There’s a tiny detail in Cormac McCarthy’s The Road that still chills me some ten years after I first encountered it. The unnamed father at the centre of this post-apocalyptic hellhole finds himself unable to express to his son a question so basic and terrifying, because the boy is too young to receive it. Hiding in an abandoned barn, the man “stood there thinking about cows and he realised they were extinct. Was that true? There could be a cow somewhere being fed and cared for. Could there? Fed what? Saved for what?” This vision of global domesticity snuffed out, and the questions it raises about legacy and generational responsibility, comes to mind watching Lucy Kirkwood’s play The Children. There are cows as symbols of grasping humanity; there are children, in this case grown, incapable of hearing the truth; and there’s a world if not quite post-apocalyptic then certainly on the brink of its own mortality.
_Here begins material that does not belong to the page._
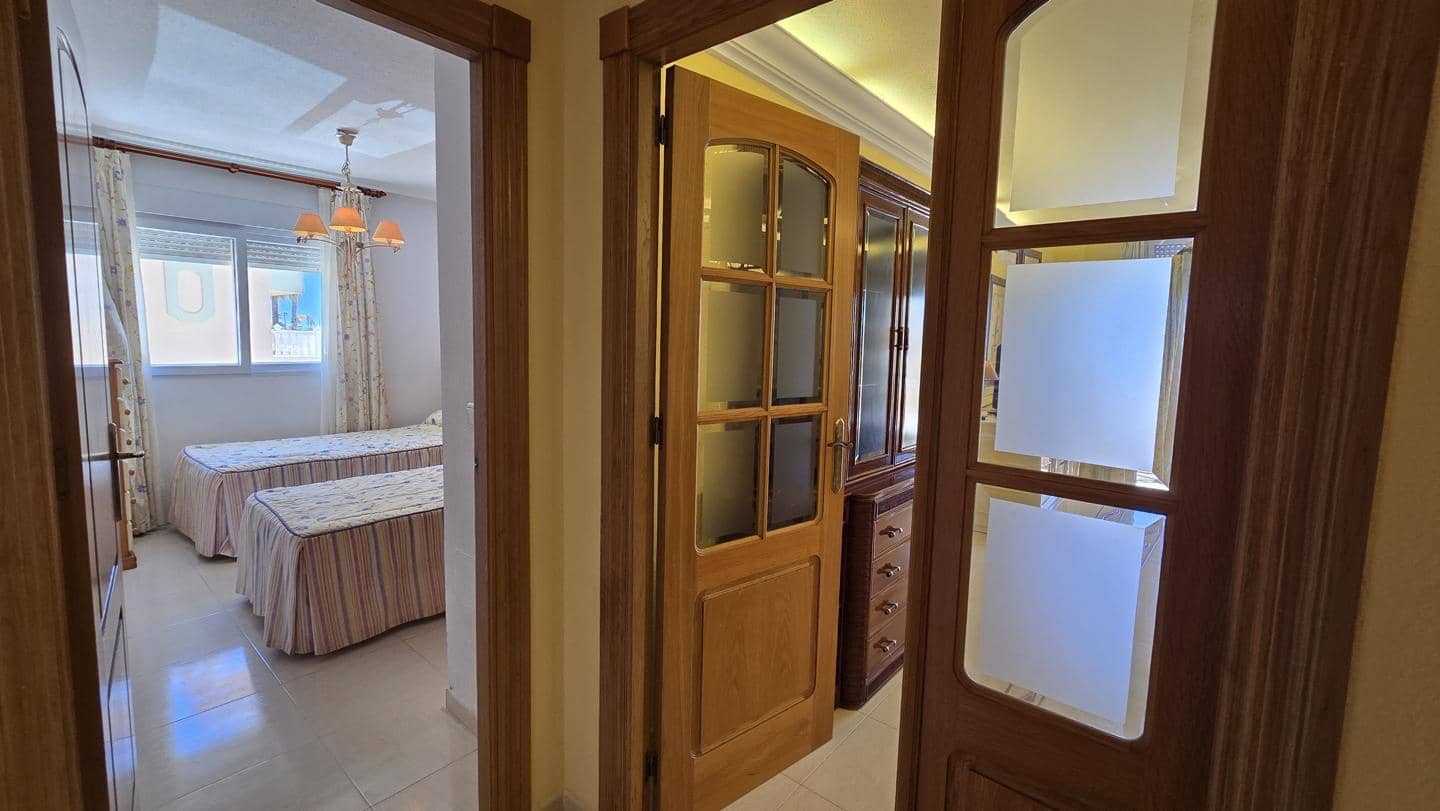 3 slaapkamer Flat te koop in La Manga del Mar Menor met zwembad garage - € 375.000 (Ref: 10011788)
Kirkwood imagines – although it’s hardly much of an imaginative leap – that a Fukushima-type nuclear disaster has befallen the UK, and the radiation has destroyed a large area of the British coast. Nuclear engineers Hazel (Pamela Rabe) and her husband Robin (William Zappa) are living dangerously close to the exclusion zone, having abandoned their farm to the poison and the scent of death. Except that Robin has been returning daily to the farm, to feed the aforementioned cows that have strangely survived the fallout. It’s a sop to his wife, who’s “always had a thing about animals”. Into this precarious situation walks Rose (Sarah Peirse), a former colleague at the nuclear reactor who is cagey about her reasons for dropping in on old friends. As well she might be.

Kirkwood is exploring some grand and pressing concerns with this play, about environmental degradation and our culpability in it, about the effects of capitalism on the soul as much as the planet. She’s also talking about the great gap between the generations, and the sense of entitlement that has permeated the world. In the program, the playwright cites Hazel’s line “I don’t know how to want less” as possibly the most crucial, but it could just as easily be Rose’s admonishment that “Electricity isn’t a right!” If we are facing our own destruction, Kirkwood seems to be saying we might as well upend our social order on the way down.

Sarah Goodes directs with the poise and attention to detail audiences are beginning to expect from her, although it does come at the expense of pace and rhythm. Kirkwood has stacked the revelations and dramatic tension at the back half of her play, and Goodes struggles with some serious longueurs in the early scenes. She also blocks the piece strangely, heaping the action to the left of the stage and leaving the right largely untapped. The actors bring heaps of nuance to their characterisations, but the play’s tendency towards static action means that more dynamism is required. The set (Elizabeth Gadsby) is typical of the company, textured and realistic, utterly devoid of abstraction; it’s too finely crafted to be described as workmanlike, but it also does little to expand the play’s effects. It’s beautifully lit by Paul Jackson, however, who renders it rich and mournful.

The performances are often exquisite. Rabe brings her usual brittle genius to the part of Hazel, but she also gets to flex her less-acknowledged gift for comic understatement. Peirse’s ability to create a truly three-dimensional person, to imbue simple gestures with the echo of an entire life, is almost uncanny. Her Rose is a force, both moral and reactionary, and she’s consistently hypnotic. Zappa is solid, if miscast, as the philanderer who comes to face his own limitations as a man and a husband, but the show really belongs to the women.

This is perhaps the greatest take-out of The Children: a female playwright tackling globally significant issues, directed by one of the country’s most exciting directors, with two of the country’s most formidable actors, is by definition something worth seeing. Both McCarthy’s novel and Kirkwood’s play end at the ocean, a symbol of despair or renewal, depending on your inclination. No place for cows, in any case. But where the male vision is almost impossibly bleak and unresolved, the female vision is forcefully open-ended. I know where I’d rather live at the end of the world.